Do we wait till the last phase of development cycle where in the reports get deployed onto a web application and then we start testing or is it that we have scopes of starting with our testing activities well within the initial development cycle or may be even before the full flow development activities start ?
There is a scope for automation as well, loads of scope for performance testing and of course the manual has to be the core of any testing activity.
 Things really start once the Integration services packages gets into a shaped state wherein the data from the raw format gets extracted ,transformed and loaded into the new environment.That is what we call as ETL execution as well in short.Test cases authoring can be started once the ETL packages gets developed because that is where a tester's activity gets eased out. This is also the area of high automation ROI wherein the etl related test cases  can be automated using the various database automation techniques.

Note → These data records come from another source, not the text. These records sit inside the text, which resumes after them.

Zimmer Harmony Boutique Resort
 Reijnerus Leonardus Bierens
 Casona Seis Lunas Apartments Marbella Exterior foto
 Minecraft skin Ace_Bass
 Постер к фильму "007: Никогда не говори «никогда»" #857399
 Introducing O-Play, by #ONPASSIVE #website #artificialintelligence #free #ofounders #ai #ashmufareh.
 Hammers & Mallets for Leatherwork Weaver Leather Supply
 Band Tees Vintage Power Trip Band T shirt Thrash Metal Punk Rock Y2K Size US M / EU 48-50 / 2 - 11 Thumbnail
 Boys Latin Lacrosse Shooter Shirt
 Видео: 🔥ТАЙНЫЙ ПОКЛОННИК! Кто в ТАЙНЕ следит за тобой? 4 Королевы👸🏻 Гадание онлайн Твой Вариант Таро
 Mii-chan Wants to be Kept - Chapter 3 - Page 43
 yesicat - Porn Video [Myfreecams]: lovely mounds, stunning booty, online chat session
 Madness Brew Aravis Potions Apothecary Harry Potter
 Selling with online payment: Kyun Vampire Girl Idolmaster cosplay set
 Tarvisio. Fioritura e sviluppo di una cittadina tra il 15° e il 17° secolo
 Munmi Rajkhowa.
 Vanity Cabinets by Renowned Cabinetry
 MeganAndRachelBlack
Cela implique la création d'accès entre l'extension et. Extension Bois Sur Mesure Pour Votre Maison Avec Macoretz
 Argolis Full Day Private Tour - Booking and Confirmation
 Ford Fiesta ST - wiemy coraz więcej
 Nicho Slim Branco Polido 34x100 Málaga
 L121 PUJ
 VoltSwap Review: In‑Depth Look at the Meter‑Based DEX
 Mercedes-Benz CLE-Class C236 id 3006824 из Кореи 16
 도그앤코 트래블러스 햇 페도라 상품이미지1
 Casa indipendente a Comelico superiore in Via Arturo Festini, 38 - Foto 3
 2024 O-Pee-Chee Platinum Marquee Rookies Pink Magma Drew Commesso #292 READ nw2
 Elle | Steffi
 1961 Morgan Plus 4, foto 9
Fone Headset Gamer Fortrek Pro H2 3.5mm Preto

 Once integration services are in place we target the Analysis services section wherein the  cube testing starts at the base of which exists the dimensions and measures and measure groups. These cubes have the raw data organized in a very effectively designed and inter related manner that the real time data analysis is possible. These cubes form the basis of the reporting service that is the base of the UI testing .
 UI testing or the Reporting services testing is more on the filter and various combination of filter that can be provided with a set of inter - related measures and measure groups for the various facts as per the dimensions supplied. Within the same lies the validation of the drill down and drill through capabilities of the reports by just right click and left clicks in the reports on its graphs and the various axes.The three terms that makes sense during the data validation for the complete application is the dimensions, and fact tables . These are the actual tables that form the basis of the cube data.

 As per the data quality is concerned , the major target area is the Integration services packages that is the ETL packages and the logic with which the data gets extracted , transformed and  loaded into the target systems . It is here that we design the data loading logic that shall ensure that the junk data or data that may in no way be utilized for the reports getting generated do not load into the staging system. It is simply because the data mart is the next stage within the complete BI application development logic and for the data mart to have deal with only relevant data , staging environment must have only needed data with quality in tact. Then stored procedures come into play to arrange the data from the staging tables into the data mart tables and two different categories of data tables get created namely the dimensions and the facts. The data arrangement logic has to be validated in these tables with the major target areas being the stored procedure. These also get created during the   ETL execution phase that is the Integration services phase.Once the mart is finalized the cubes need to be tested wherein the testing involves no more the Sql queries execution but the MDX queries . Here in the measures and measure groups and their data for the various inter-related entities come up.It is done by browsing the cubes within the Analysis service engine. Finally these data becomes the base for showing the relevant reports in the UI as per the business user's requirements.

There we end up with a BI application in place ready to be delivered to the business users. Post production defects are unavoidable in these type of applications. The major cause behind the same is that the application is being developed offshore at a location far away from the end users. This results in most of the cases data not being provided that resembles their real time data due to various data security issues. However, that is how the nature of applications is . So do learn to live with that as a challenge.